What did we forget on the way to the store?
First, this is not another unity love-in. . .let’s don’t worry about doctrine. . .doctrine divides so let’s focus on love and worship session. Doctrine is essential to our relationship with God, both in coming to him and in maturing in Jesus Christ.

The goal of our instruction (our doctrine) is love.
The means and the end are both crucial. I believe we can deduce that to love as God desires that we need proper doctrine. And proper doctrine finds its way to the goal.

We have let our doctrine lead us off onto a detour of pride.
That is where we miss it when we exalt doctrine above its place; doctrine has a goal. I remember preaching this text several years ago, and a fine man in our church took issue with me. He asked, “If I understand you correctly, then you are saying that love is more important than doctrine?” Yes. That was exactly what I was saying.

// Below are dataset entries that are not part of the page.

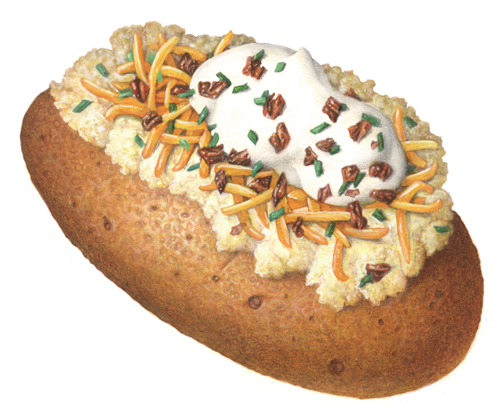 Free Baked Potatoes Cliparts, Download Free Clip Art, Free Clip Art.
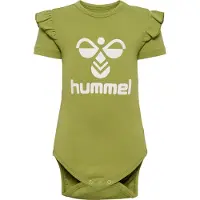 Hummel Body k/e - hmlDrøm - Green Olive - - 74 - Kortermet body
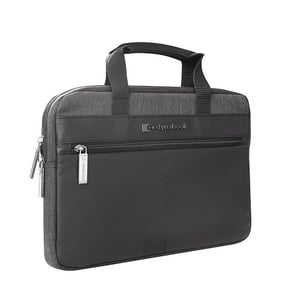 Dynabook PX2008E-1NCA Laptoptasche, Messenger-Tasche, Anthrazit, Schwarz, Grau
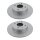 2 Brake Discs full Ø 278 mm TRISCAN suitable for e.g. NISSAN PRIMERA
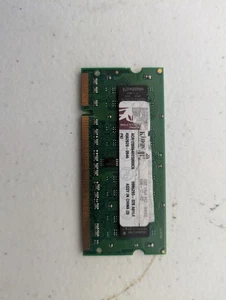 ACR128X64D2S800C6 OEM KINGSTON LAPTOP MEMORY 1GB 1RX8 PC2-6400S 666-12-B2 - Picture 1 of 1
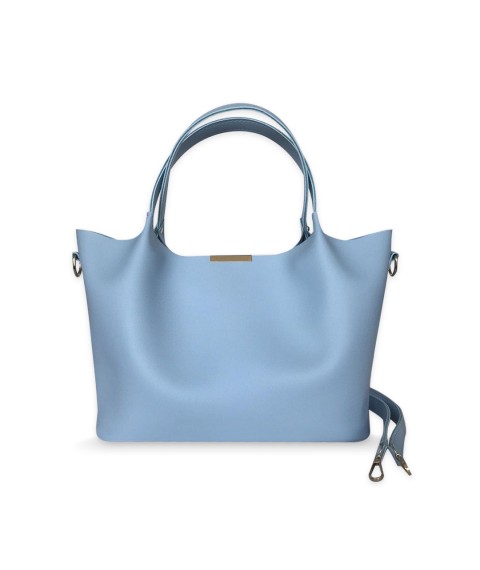 Women's bag Betty Pretty made of eco-leather blue 943SKY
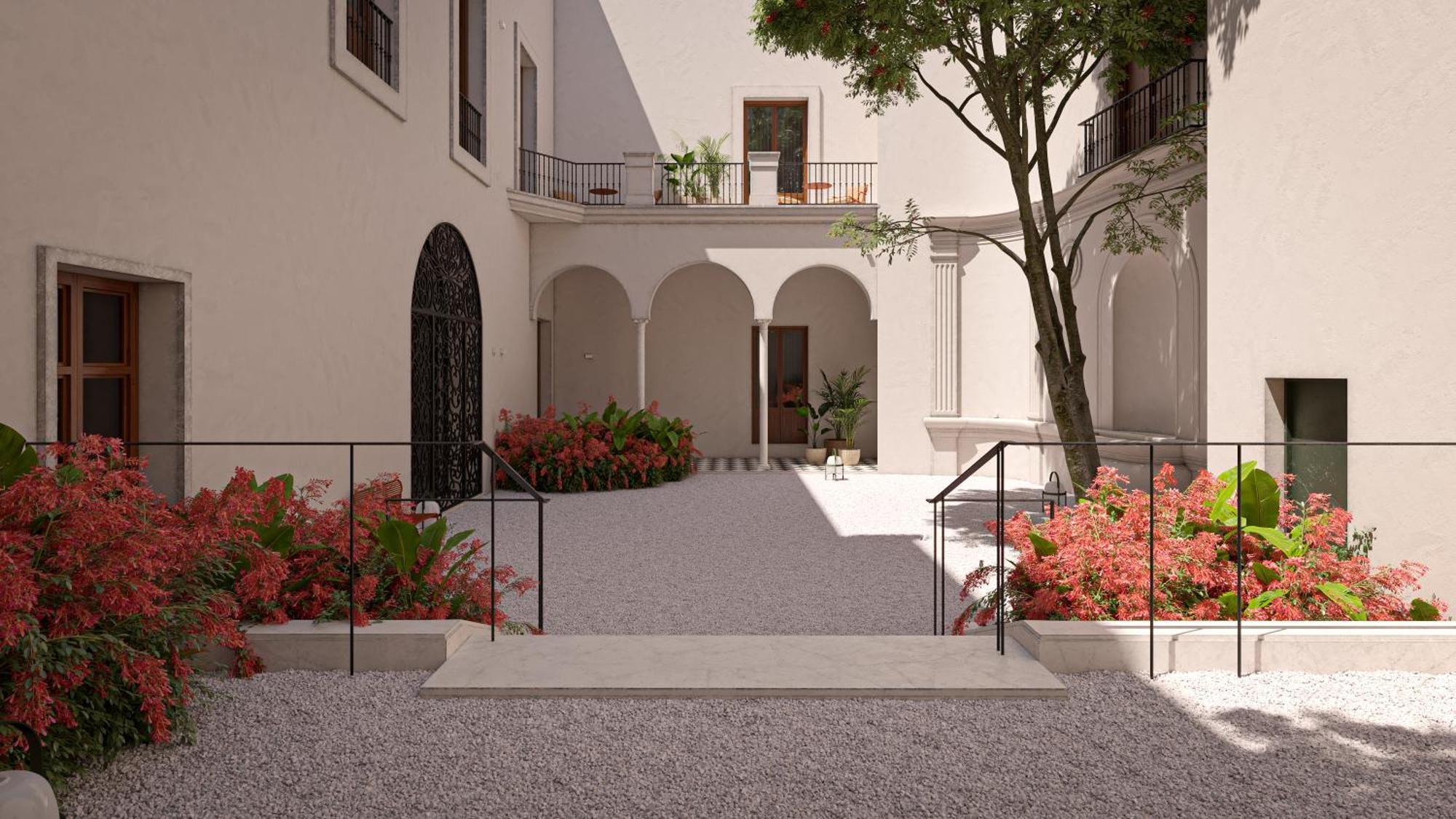 Mercer Residences Sevilla Exterior foto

I was not saying that doctrine wasn’t important.  I was saying that the goal was more important than the way we get there.  Both are necessary.

How can we pride ourselves on doctrine that forgets its goal?
How can we feel good about instruction that does not meet its goal?  Too often our goal is only academic.  Too often our goal is the study of doctrine.  Too often the preacher entertains the audience with his knowledge of doctrine and intellectual savvy.  Too often our doctrine is not tested by whether or not it reaches its goal in the eyes of God.

And the goal is love.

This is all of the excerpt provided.